Saturday, April 27, 2013

Our Complex Relationship with Scooby Doo

My kids love Scooby Doo. I don’t know why. You might think they find some perverse thrill in being scared, or a sense of security knowing that the kids in the show can solve the mystery and defeat the monster. But these hypotheses break down because they’ve watched every single episode over and over again. It’s to the point that we’ll see a monster on screen and Chiara will say “it’s just the shopkeeper” or “Shaggy is going to fall in the water.” It’s a scary mystery with no scare and no mystery.

Our troubled relationship with Scooby goes way back. Chiara once threw her greatest tantrum ever in my care when I refused to buy her a $5 Scooby Doo movie at Target – the kind of tantrum that had women of all walks of life coming up to me and saying “hang in there, you’re doing a great job.” As great a job as I was doing, to avoid the tantrum it would have been worth the five bucks for the dang movie.

Scooby predates Cody’s TV-watching days. Early on, Chiara could only watch at times when either Cody couldn’t (i.e. nap times) or when Andrea was too tired to give a darn. Andrea’s feeling was that there is no educational value so Cody shouldn’t be able to watch. It’s my contention that she got this basically backwards – that at, say, 20 months, Cody could learn from pretty much any old show where colored shapes move by the screen and people speak to each other in complete sentences (not sure if Shaggy’s “Zoinks!” counts as a complete sentence) and that Chiara should only be allowed to watch educational shows when Cody was asleep.

The kids are only allowed to watch the classic Scooby episodes, partly because the theme song really jams, but mostly because the new ones are dumber and meaner. The people in the new episodes sometimes say things like “stupid” and “shut up,” things that no 3-year-old should hear. Language like that is the sort of thing that will get a show banned from the Kimmel household for a long time (at least until Andrea’s too tired to care anymore).

Scooby Doo villains have been the source of much stand-up comedian derision, which I think is unfounded. If you’re a guy who just wants to find some buried treasure on a piece of property, I think it makes perfect sense to run around dressed as a pirate ghost or monster or whatever to scare away other would-be treasure hunters. Perfectly logical, if you ask me.
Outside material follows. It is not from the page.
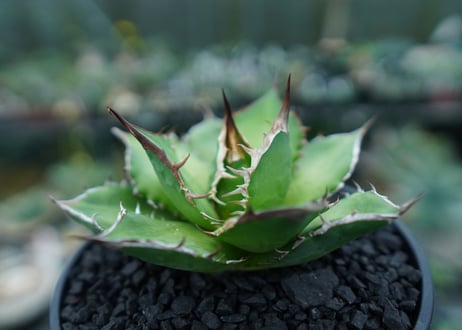 アガベ　チタノタ　Agave titanota　No.10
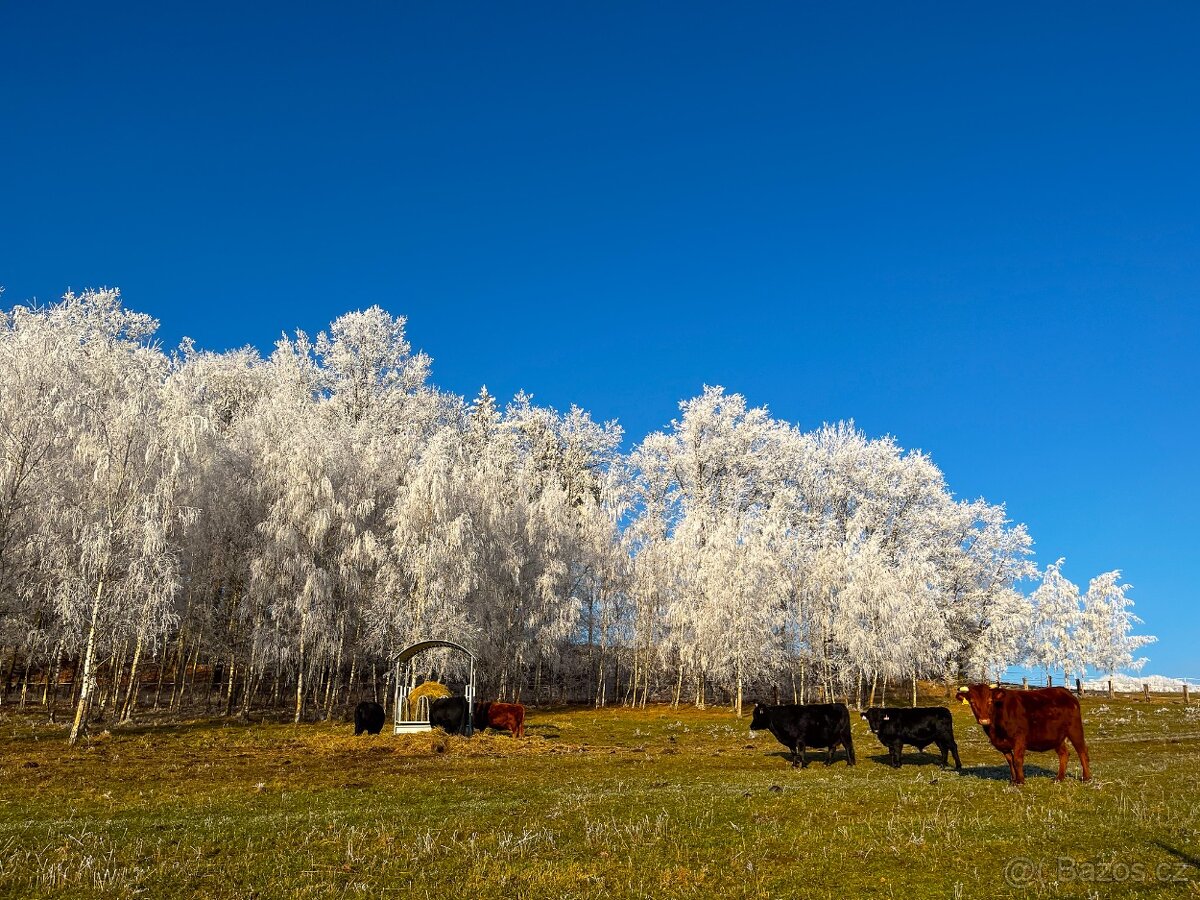 Rezervace na dexter jalovice s POP na rok 2026 - 6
But I do run into one issue that I can’t get my head around: Let’s say you are one of those pirate ghost-cladded treasure hunters. Periodically you’ll actually catch one of Scooby’s gang that you’ve been chasing after trying to scare them away. And they’re scared and all, but they are either frozen with terror or cornered in the closet. Do you have any options here besides just cackling at them maniacally and waving your sword at them? You’re not going to try to hurt them, right? Presumably you went with the whole pirate ghost thing to avoid using violence in the first place. I mean, you’re not a bad guy, you’re just a normal dude searching for buried treasure dressed as a pirate ghost. Now you’ve got screaming kids and/or dogs within arm’s reach whom you’d like to get rid of. What are you going to do? It’s quite a conundrum, and you’re starting to be pretty glad you installed those trap doors in all the closets.